272. The Everyday Home Life.—Such conveniences and comforts as are now found in almost every home were then unknown. Cooking stoves, matches, refined sugar, sewing machines, and kerosene oil had never been heard of. The mechanic's home had no carpets on the floor, no pictures on the walls, no coal in the cellar, no water faucets in the kitchen. Fruits and vegetables, now so cheap in their season, such as tomatoes, oranges, bananas, celery, and dates, were either quite unknown or beyond the reach of scanty means.
The farmers of a century ago ate plain food and wore plain clothes. Their daily fare was usually salt fish, salt pork, beef, a few vegetables, and dried apples. The numerous farm implements, which have done so much to cheapen food and to bring thousands of acres into a state of high cultivation, were not yet invented.

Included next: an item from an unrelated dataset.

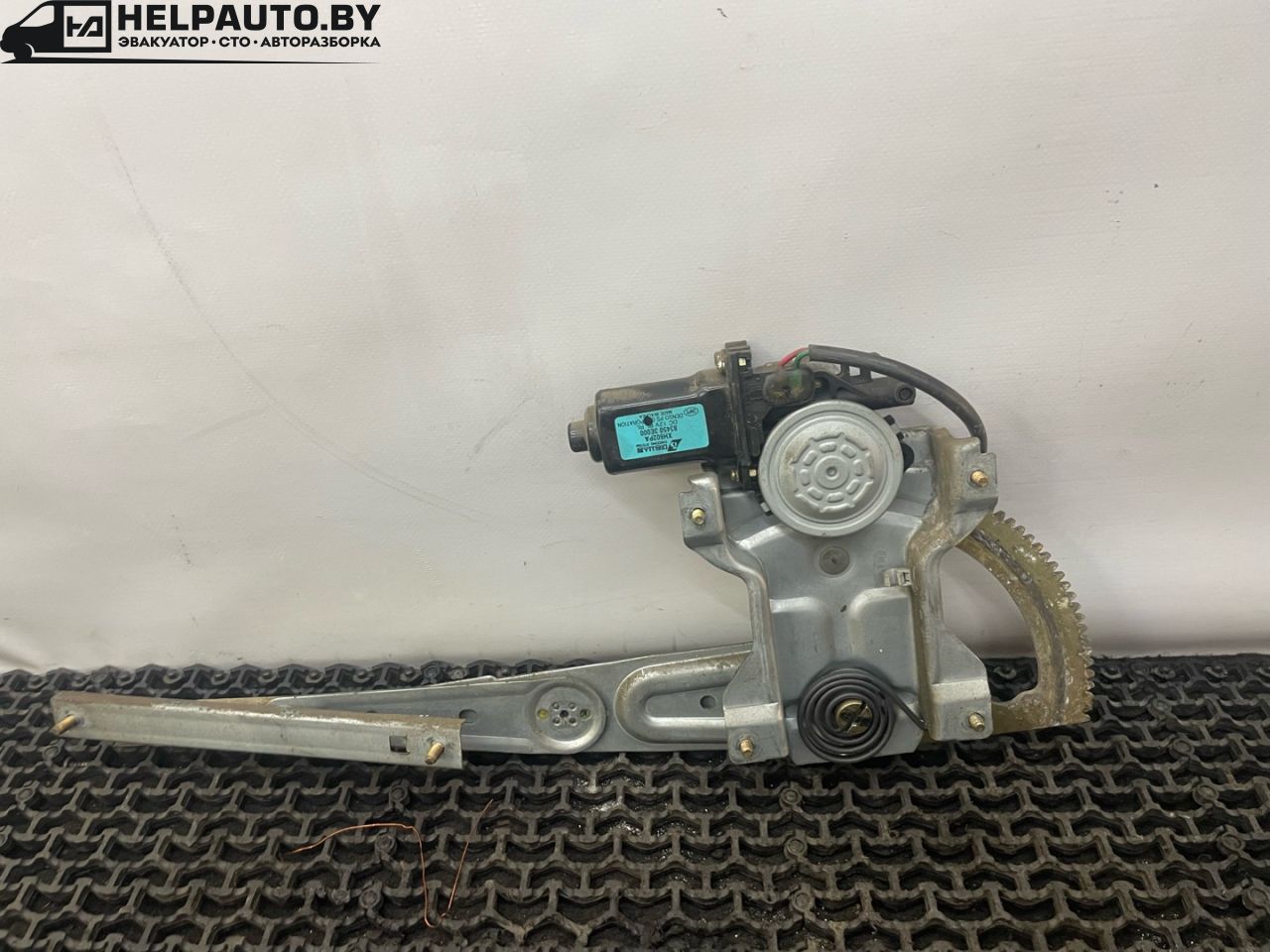 стеклоподъемник электрический задний левый Kia Sorento 1 поколение 2004, 2.5 л., CRDi, D4CB, дизель, АКПП, серебристый, внедорожник 5 дв., полный подключаемый привод - фото №1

The well-to-do farmer managed to pick up a great deal of general information and news of the day. He was noted for an inquiring turn of mind. He could tire out the weary visitor or stranger on the road with numberless questions on current social, political, or religious topics. At times he would unbend enough to play "fox and geese" with his children, or attend "apple bees" and corn huskings.
CHAPTER XXI.
WHAT OUR NAVY DID IN THE WAR OF 1812.
273. Outrages committed by the Pirates of the Barbary Coast.—A hundred years ago the ports of the nations lying on the northern coast of Africa—the Barbary States, as they were called, Morocco, Algiers, Tunis, and Tripoli—were infested by fierce pirates. They used to rush out with their swift vessels and capture the ships of Christian nations. After plundering them of their valuables, they would hold the crews as slaves, or sell them to slave dealers.
These pirates became for years the terror of Europe. Merchants paid annual tributes of large sums of money to the Pasha to save their cargoes from seizure. Even our own nation, in 1795, paid these sea robbers for the release of American sailors captured and held by them as slaves, and also for the exemption of our ships from attack. First and last we paid these robber states not less than a million dollars to buy their good will.
It is difficult to realize that there was once a time when the President of the United States negotiated treaties, the Senate ratified them, and Congress voted tribute money to keep the peace with pirates.
In 1801 a disagreement arose about our regular payment; and the Bashaw of Tripoli, whose greed it was hard to satisfy, had the impudence to declare war against the United States and cut down the flagstaff in front of our consul's residence.